Manga Monday 24: Mushishi

Mushishi (Volume 1)
Yuki Urushibara

Mushishi is a book that seems to have a few people excited in the manga realm. This series comes from a new young cartoonist and has garnered quite a bit of acclaim, at the same time that it's branching out into other multimedia areas like anime. The first volume of this manga has just been released by Del Ray to American audiences in a pretty little package. The story follows a mysterious young man, a mushishi named Ginko, who travels to expand his knowledge and help people with problems that involve magical creatures called mushi. He's kind of like a shaman of sorts. Now, I went into this book without having any prior knowledge of the premise and was a little out-of-sorts, as I didn't realize where the focus of the story would lie, let alone what the heck was going on. As a series of short stories, Mushishi opens with a young man (Shinra) who has the ability to draw anything he wishes into being with his left hand, no matter how fantastic. I imagined that this would be the thrust of the series until one of the many men who've come to seek him out (Ginko) begins to teach the gifted boy about mushi and the ability he has. Then the story shifts over to Ginko himself before he disappears from Shinra's life when he's finished helping the boy out. I had assumed that the cast was being set up with this first chapter, but Ginko travels into people's lives helping to spread the knowledge of mushi and study them, so the cast is ever-changing, at least with this first volume, Ginko himself being the only constant. Now that I know that this is basically a series of short stories, it has fallen into a rhythm of sorts that seems like it could get old fast, but the stories are truly captivating, and given the strength of the opening volume, the creator has a vast resource of creativity that will, at the very least, keep this premise afloat for awhile to come, if not build upon it for something truly spectacular.
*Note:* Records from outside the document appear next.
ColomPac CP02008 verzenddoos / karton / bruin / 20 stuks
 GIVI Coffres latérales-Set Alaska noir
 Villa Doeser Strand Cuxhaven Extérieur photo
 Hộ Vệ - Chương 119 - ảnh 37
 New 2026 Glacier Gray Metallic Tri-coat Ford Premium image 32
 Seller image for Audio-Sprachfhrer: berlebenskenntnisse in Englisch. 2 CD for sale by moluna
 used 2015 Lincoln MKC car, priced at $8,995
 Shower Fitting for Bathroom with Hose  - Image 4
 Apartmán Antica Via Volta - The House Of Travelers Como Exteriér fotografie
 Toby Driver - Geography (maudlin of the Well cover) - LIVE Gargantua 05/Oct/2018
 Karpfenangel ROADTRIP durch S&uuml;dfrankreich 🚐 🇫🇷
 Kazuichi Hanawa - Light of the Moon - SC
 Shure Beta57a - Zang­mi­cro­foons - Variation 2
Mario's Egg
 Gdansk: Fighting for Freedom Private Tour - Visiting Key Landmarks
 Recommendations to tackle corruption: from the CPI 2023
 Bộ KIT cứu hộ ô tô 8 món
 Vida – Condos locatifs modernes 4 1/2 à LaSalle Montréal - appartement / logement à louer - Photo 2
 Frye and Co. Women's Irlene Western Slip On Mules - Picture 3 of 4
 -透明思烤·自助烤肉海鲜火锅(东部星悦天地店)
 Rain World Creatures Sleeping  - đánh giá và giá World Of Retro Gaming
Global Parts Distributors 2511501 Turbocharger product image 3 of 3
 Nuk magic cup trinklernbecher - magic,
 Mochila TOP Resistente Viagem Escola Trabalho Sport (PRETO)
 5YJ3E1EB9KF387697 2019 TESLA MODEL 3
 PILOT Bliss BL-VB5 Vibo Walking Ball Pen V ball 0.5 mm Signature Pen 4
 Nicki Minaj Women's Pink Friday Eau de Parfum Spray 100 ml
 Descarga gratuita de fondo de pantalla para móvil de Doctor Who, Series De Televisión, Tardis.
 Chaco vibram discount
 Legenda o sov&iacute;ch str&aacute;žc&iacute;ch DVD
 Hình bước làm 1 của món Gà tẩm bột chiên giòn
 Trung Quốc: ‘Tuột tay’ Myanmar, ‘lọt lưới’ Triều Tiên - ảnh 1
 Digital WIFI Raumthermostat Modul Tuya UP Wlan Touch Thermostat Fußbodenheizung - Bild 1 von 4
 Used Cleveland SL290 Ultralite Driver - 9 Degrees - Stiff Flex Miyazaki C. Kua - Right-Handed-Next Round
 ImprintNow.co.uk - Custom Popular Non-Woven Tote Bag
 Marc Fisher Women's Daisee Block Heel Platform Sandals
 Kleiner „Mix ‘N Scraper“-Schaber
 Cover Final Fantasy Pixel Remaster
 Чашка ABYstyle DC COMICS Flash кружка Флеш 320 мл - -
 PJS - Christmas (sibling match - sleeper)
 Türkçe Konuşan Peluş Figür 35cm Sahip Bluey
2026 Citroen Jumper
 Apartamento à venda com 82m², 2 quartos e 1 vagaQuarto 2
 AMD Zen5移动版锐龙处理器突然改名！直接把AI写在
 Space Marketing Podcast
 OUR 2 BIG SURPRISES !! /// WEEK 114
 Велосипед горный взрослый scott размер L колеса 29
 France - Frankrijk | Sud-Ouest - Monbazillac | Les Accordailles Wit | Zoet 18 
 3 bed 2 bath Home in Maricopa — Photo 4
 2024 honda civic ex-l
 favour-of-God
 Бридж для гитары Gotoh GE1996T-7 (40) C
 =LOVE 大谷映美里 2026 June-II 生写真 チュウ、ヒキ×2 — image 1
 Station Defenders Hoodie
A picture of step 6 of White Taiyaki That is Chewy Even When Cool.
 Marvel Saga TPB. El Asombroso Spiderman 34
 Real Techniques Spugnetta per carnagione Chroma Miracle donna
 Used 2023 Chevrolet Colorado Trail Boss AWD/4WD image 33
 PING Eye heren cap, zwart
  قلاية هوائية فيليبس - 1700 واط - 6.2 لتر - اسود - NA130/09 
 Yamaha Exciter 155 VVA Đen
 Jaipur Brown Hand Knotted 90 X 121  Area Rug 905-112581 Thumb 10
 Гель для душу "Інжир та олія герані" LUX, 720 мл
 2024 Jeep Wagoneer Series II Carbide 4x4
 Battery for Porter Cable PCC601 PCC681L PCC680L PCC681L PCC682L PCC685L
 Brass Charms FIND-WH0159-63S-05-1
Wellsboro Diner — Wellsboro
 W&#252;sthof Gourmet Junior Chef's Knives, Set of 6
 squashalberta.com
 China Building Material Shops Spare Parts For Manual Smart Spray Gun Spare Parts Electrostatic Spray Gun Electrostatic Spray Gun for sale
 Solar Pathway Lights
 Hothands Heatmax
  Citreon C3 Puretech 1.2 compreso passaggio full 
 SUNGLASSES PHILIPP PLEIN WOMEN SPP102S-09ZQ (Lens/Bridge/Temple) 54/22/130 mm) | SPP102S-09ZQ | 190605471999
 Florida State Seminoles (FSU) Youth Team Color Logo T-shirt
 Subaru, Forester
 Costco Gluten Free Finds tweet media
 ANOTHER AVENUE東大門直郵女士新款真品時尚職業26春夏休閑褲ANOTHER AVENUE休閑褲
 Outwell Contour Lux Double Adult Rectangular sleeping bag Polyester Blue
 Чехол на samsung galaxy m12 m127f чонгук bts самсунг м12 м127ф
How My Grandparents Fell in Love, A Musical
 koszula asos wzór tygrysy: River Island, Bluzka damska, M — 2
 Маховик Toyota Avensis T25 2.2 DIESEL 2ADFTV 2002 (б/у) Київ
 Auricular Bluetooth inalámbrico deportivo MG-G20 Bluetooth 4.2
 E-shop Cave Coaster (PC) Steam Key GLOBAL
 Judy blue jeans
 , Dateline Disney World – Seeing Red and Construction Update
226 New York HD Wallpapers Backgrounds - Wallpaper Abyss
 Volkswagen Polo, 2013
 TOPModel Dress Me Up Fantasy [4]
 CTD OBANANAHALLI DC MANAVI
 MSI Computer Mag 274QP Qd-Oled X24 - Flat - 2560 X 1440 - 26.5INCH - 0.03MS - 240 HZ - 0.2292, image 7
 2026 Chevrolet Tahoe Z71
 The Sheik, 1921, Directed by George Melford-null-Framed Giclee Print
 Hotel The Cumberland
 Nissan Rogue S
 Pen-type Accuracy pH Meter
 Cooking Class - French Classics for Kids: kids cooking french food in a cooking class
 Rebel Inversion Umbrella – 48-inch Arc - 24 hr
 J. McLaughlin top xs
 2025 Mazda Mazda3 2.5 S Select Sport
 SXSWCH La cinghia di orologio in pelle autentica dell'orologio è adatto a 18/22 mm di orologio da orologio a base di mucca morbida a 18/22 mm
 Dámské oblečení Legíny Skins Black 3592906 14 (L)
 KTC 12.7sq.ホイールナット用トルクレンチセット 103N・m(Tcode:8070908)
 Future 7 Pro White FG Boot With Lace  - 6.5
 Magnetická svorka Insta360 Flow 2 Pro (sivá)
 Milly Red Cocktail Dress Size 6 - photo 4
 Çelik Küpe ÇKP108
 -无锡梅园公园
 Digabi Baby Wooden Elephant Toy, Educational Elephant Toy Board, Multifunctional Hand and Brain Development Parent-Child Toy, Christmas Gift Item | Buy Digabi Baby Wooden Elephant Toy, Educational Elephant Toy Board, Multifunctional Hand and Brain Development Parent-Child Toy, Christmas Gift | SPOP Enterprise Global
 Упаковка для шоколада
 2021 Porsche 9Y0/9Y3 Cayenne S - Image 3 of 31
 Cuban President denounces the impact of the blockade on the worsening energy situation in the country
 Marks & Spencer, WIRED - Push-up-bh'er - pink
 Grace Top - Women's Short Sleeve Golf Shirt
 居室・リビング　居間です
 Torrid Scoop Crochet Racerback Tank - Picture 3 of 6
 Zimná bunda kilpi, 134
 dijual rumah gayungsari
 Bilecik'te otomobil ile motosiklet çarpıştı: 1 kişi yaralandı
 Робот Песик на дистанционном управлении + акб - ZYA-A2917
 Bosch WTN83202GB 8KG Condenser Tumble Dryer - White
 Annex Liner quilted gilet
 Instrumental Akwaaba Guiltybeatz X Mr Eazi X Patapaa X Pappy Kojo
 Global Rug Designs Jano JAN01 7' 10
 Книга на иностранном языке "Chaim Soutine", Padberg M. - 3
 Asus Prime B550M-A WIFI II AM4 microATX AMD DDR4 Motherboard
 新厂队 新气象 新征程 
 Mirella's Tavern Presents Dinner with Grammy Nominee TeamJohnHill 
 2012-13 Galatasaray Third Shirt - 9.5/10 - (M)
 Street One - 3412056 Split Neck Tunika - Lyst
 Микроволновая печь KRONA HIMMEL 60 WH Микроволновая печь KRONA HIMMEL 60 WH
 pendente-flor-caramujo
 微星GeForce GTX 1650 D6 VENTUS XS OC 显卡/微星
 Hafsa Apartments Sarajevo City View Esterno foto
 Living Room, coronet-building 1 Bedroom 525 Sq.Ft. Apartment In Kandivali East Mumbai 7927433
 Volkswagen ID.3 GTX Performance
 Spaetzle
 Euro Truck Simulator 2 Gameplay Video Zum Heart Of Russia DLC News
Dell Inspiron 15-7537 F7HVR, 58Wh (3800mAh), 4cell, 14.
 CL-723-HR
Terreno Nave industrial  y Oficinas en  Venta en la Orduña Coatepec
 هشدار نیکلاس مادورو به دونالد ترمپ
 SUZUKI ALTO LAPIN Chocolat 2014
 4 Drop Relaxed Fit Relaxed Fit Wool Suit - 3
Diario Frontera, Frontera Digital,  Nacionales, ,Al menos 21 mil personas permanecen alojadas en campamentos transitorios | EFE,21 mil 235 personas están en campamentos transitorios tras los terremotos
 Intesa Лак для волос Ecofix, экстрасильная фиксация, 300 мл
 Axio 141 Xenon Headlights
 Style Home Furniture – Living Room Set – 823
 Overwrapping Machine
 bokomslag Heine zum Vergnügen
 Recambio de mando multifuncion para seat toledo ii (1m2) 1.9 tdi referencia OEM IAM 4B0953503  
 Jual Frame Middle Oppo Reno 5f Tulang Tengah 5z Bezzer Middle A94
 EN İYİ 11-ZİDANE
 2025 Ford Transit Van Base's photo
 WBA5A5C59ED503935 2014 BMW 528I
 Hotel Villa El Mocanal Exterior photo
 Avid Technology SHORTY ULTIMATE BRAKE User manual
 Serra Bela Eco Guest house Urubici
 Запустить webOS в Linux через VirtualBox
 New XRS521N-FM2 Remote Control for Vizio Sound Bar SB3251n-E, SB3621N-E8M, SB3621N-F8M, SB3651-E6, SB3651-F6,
Now the mushi themselves are creatures that have existed since the beginning of time, not quite plant, not quite animal, but almost spirits of sorts that can harm people with their mere existence. It's interesting and spellbinding to listen to Ginko weave the legends surrounding these creatures, and the beautiful art that Urushibara illustrates his story with makes this an exciting new series, perhaps deserving of the praise and attention it's garnered. I can't wait for the next volume. A

2 comments:

D said...

Very nice review. Thanks! Oh, and just so you know, the author is a woman.

Dave! said...

My mistake! Thanks for the correction!